Segment Start: Records for this task

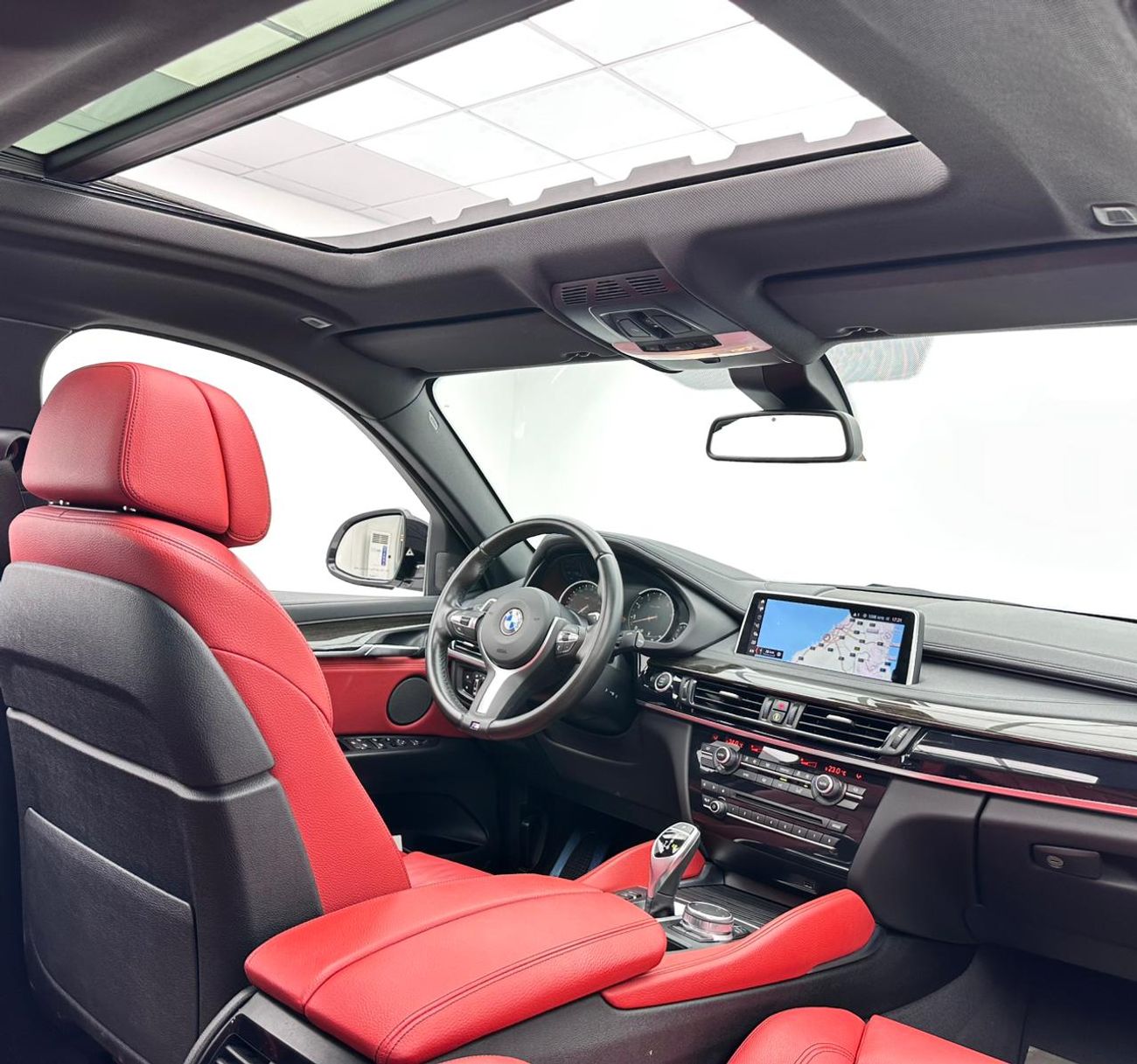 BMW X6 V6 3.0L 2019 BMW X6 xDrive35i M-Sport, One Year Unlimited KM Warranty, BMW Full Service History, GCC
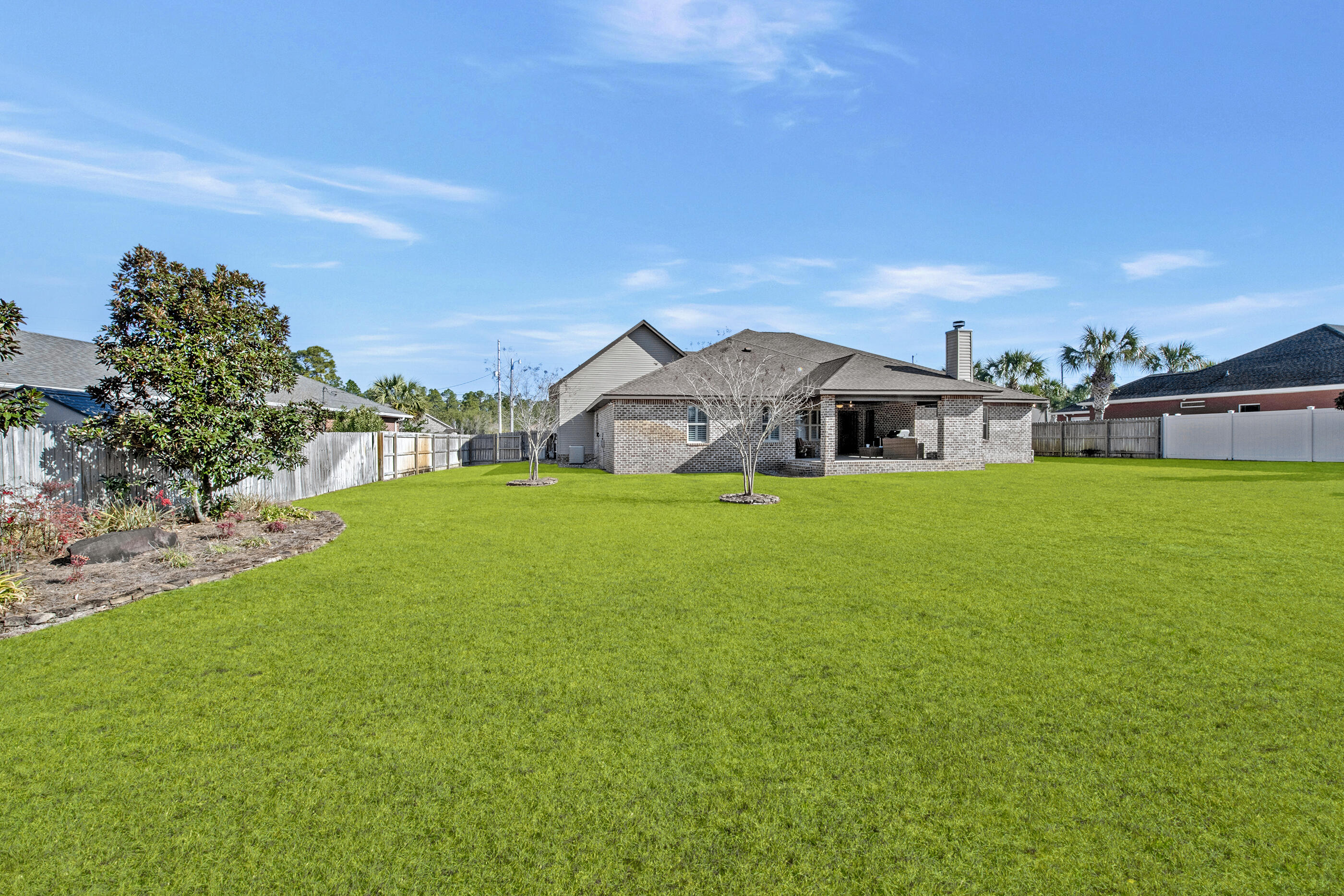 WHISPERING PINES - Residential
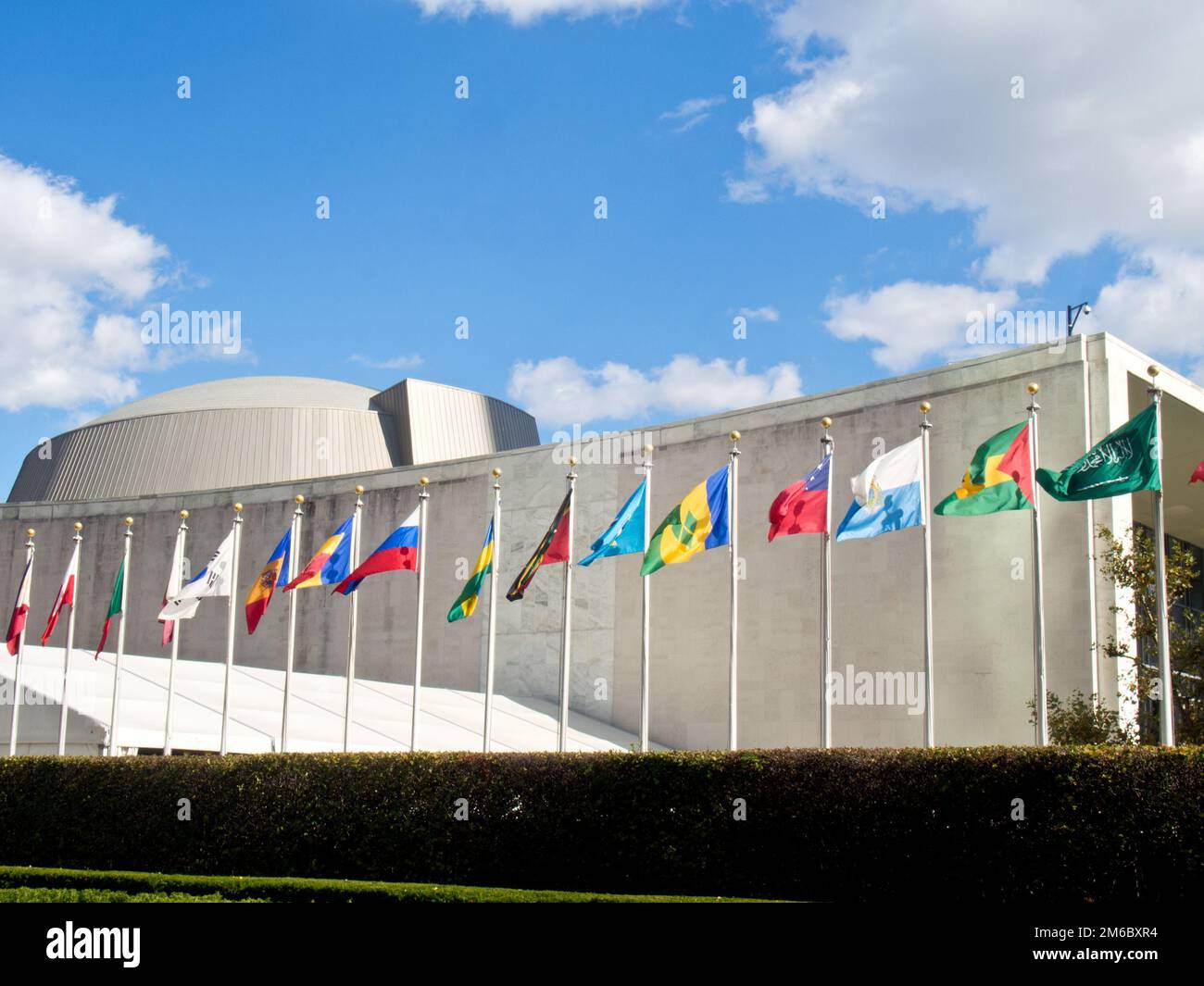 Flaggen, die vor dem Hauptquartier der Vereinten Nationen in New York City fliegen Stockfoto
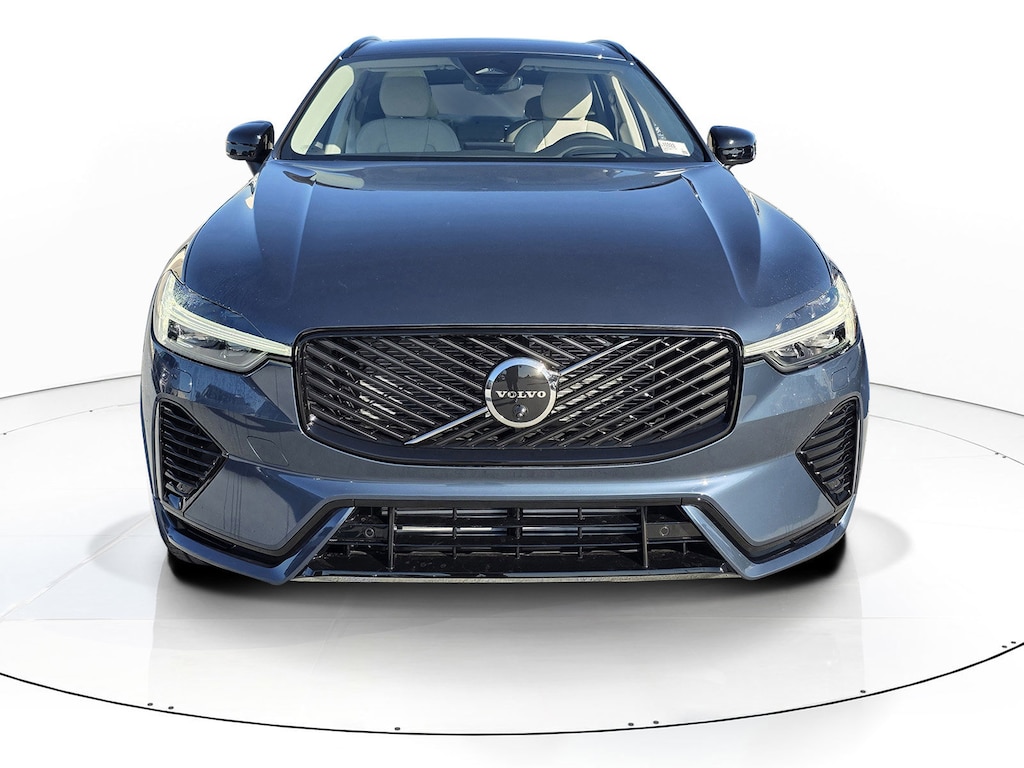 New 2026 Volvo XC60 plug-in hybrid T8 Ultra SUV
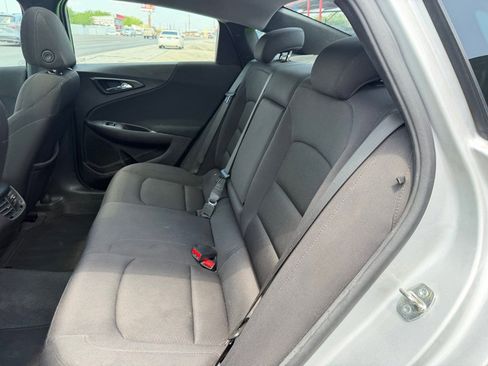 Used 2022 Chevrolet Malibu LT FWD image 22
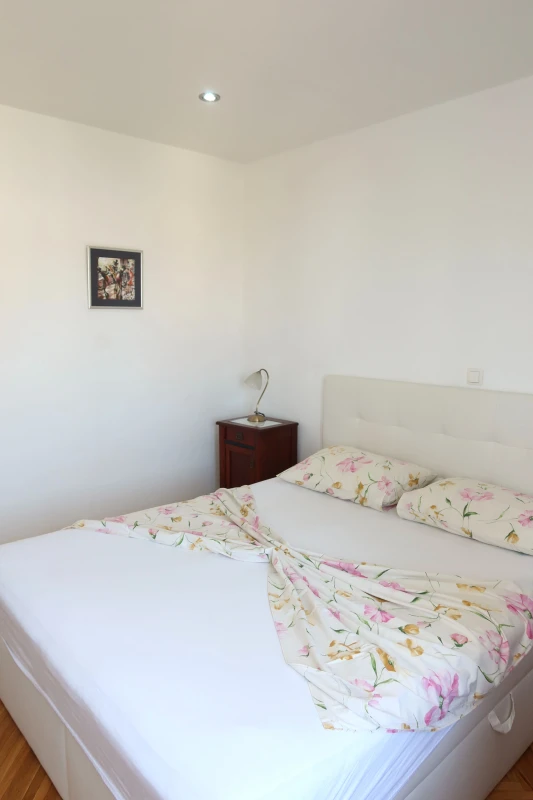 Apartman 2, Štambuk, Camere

Segment End: Records for this task

§ **How to complete this task**
One exact copy of the data, no pictures: write it out line for line.

§ **Response to the task**
 BMW X6 V6 3.0L 2019 BMW X6 xDrive35i M-Sport, One Year Unlimited KM Warranty, BMW Full Service History, GCC
 WHISPERING PINES - Residential
 Flaggen, die vor dem Hauptquartier der Vereinten Nationen in New York City fliegen Stockfoto
 New 2026 Volvo XC60 plug-in hybrid T8 Ultra SUV
 Used 2022 Chevrolet Malibu LT FWD image 22
 Apartman 2, Štambuk, Camere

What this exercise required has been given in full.